:: GIVEN RECORDS ::
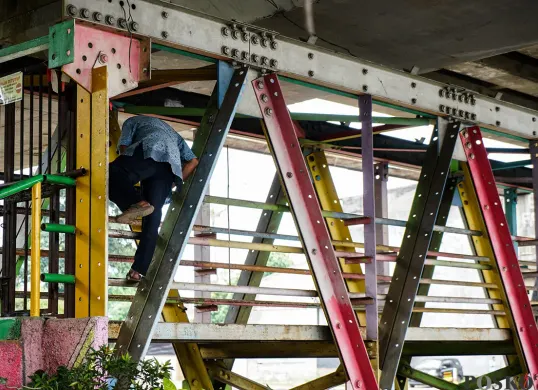 Warga berupaya menerobos pagar besi penutup dengan cara memanjat di Jembatan Penyebrangan Orang (JPO) Kolong Flyover Kalibata, Jakarta Selatan. (Sumber: Poskota/Bilal Nugraha Ginanjar)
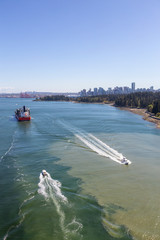 Obraz premium Aerial view of Stanley Park and Downtown City during a vibrant sunny day. Taken from Lions Gate Bridge, Vancouver, British Columbia, Canada.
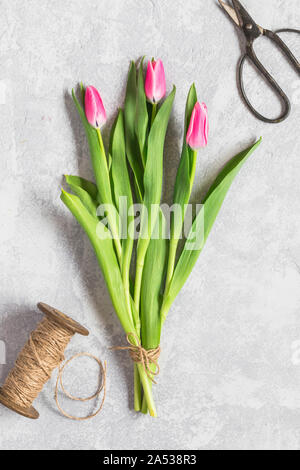 Un simple bouquet de tulipes sur fond gris, vu de dessus.Les trois tulipes sont roses et sont attachés ensemble par une corde de jute. Il y a un tiroir et un p Banque D'Images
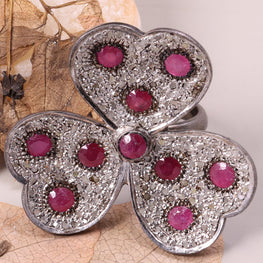 Butterfly-shaped jewelry piece with pink stones on a leaf background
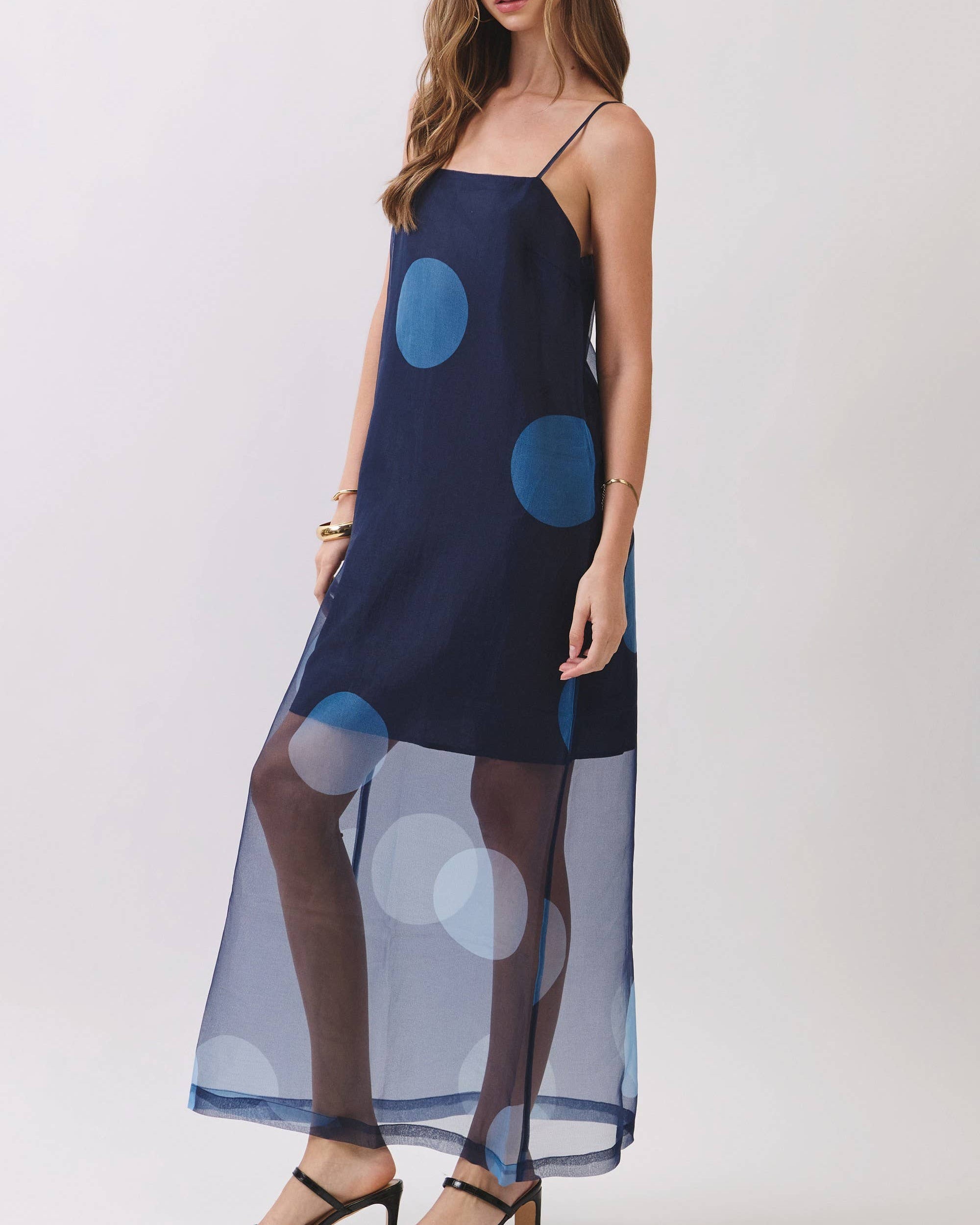 Model wearing a navy mini dress with blue polka dots maxio overlay on a neutral background . side view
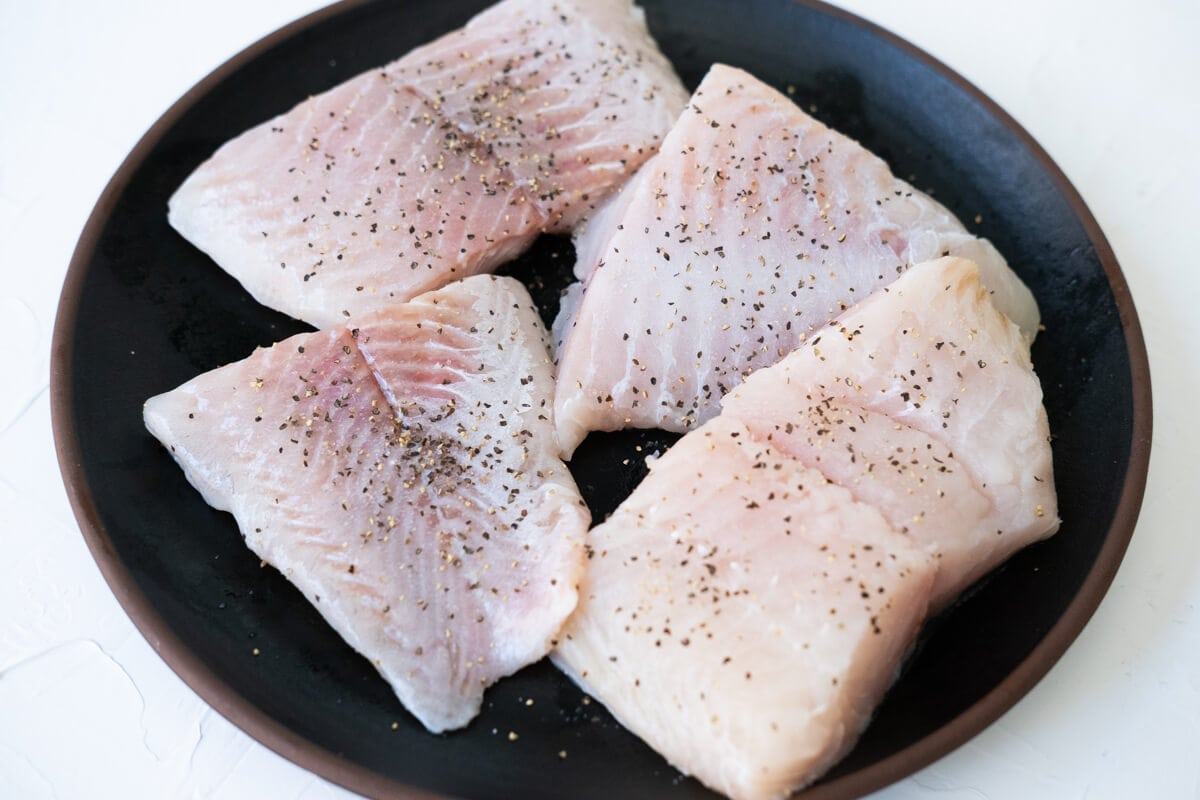 Catfish fillets seasoned with salt and pepper in a black plate.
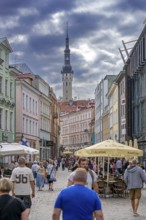 17th century belfry of the town hall and tourists in shopping street of the Old Town of the capital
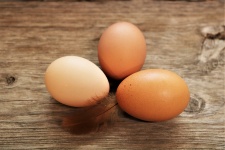 Tři hnědá vejce na dřevěný stůl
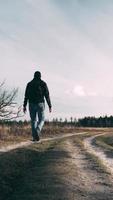 hombre caminando abajo un camino en el bosque video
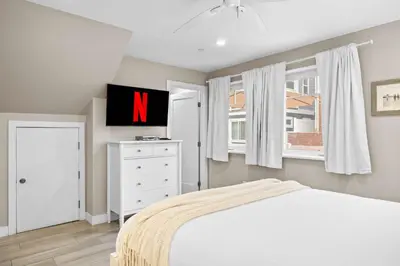 a bedroom with a white bed and a tv at Ocean Breeze and Rooftop Views Steps to Surf and Sun in San Diego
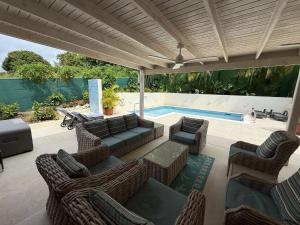 a patio with wicker furniture and a swimming pool at Jacks Place - by ZenBreak in Saint Peter
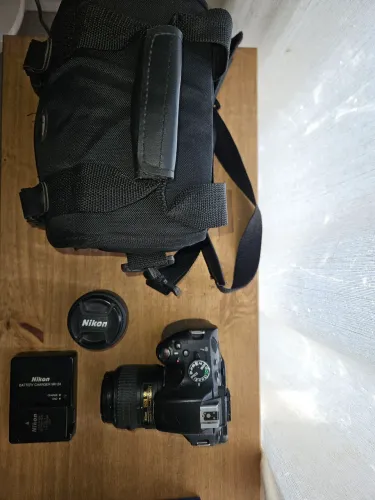 Nikon D5100 + lente 18-55mm + lente 50mm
:::
## EXERCISE
Could you return all of the entries above exactly, without any images?

## ANSWER TO THIS PROBLEM
 Warga berupaya menerobos pagar besi penutup dengan cara memanjat di Jembatan Penyebrangan Orang (JPO) Kolong Flyover Kalibata, Jakarta Selatan. (Sumber: Poskota/Bilal Nugraha Ginanjar)
 Obraz premium Aerial view of Stanley Park and Downtown City during a vibrant sunny day. Taken from Lions Gate Bridge, Vancouver, British Columbia, Canada.
 Un simple bouquet de tulipes sur fond gris, vu de dessus.Les trois tulipes sont roses et sont attachés ensemble par une corde de jute. Il y a un tiroir et un p Banque D'Images
 Butterfly-shaped jewelry piece with pink stones on a leaf background
 Model wearing a navy mini dress with blue polka dots maxio overlay on a neutral background . side view
 Catfish fillets seasoned with salt and pepper in a black plate.
 17th century belfry of the town hall and tourists in shopping street of the Old Town of the capital
 Tři hnědá vejce na dřevěný stůl
 hombre caminando abajo un camino en el bosque video
 a bedroom with a white bed and a tv at Ocean Breeze and Rooftop Views Steps to Surf and Sun in San Diego
 a patio with wicker furniture and a swimming pool at Jacks Place - by ZenBreak in Saint Peter
 Nikon D5100 + lente 18-55mm + lente 50mm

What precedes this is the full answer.